DATA FOR ANALYSIS Block Start

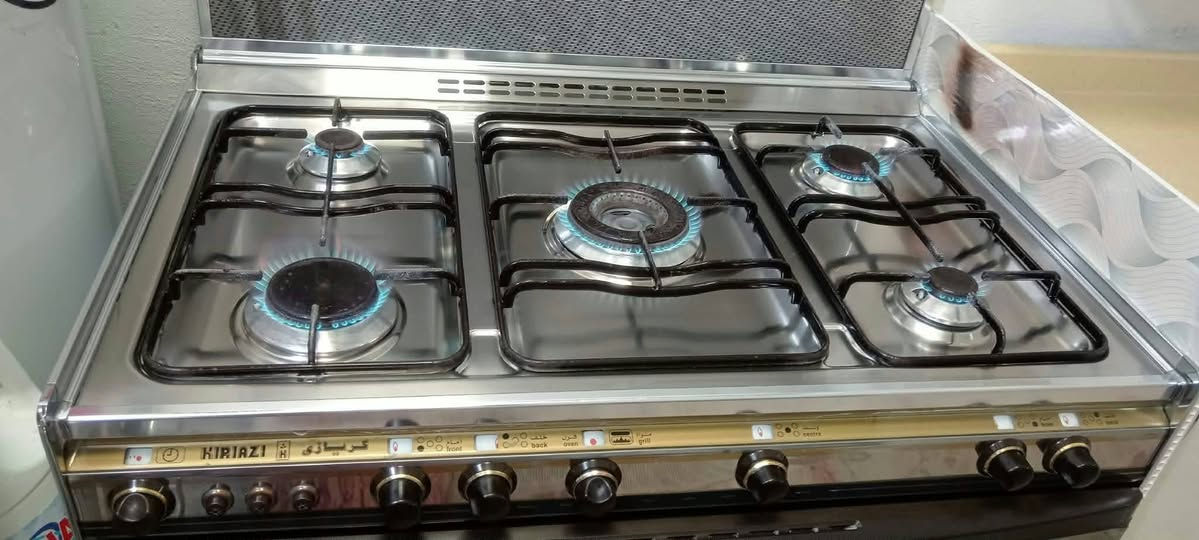 ئه م. كه وه نته ر غازه  كريازى بؤ فرؤشتن. شوين هه ولير ***********

نص مكتوب في الصور:
- SL Turbo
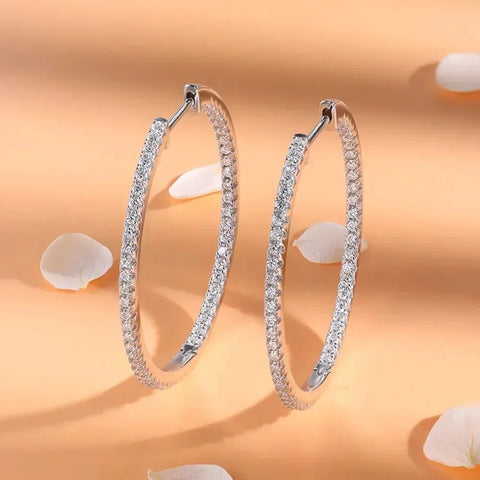 Brinco de argola em prata .925 e moissanite
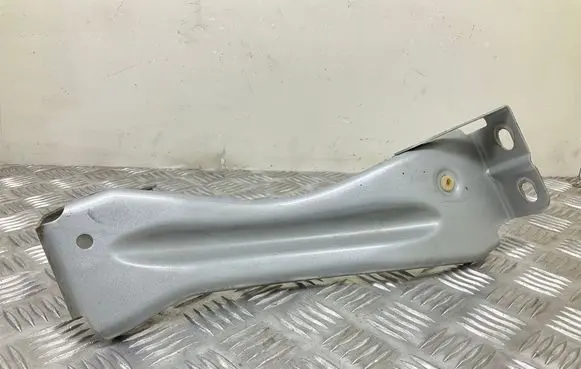 Audi TT TTS Mk2 Fender mounting bracket 8J0821136F
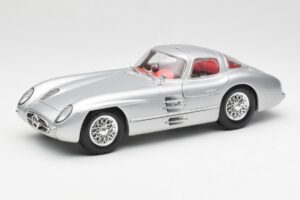Mercedes 300 SLR Uhlenhaut Coupe Сребърен Maisto 1:18 536898 Метал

DATA FOR ANALYSIS Block End

### EXERCISE DIRECTIONS
Please copy exactly, and only, the lines from the one that contains "Brinco de argola em prata .925 e moissanite" through the last line of the data above, omitting all pictures.

### FINAL ANSWER
 Brinco de argola em prata .925 e moissanite
 Audi TT TTS Mk2 Fender mounting bracket 8J0821136F
Mercedes 300 SLR Uhlenhaut Coupe Сребърен Maisto 1:18 536898 Метал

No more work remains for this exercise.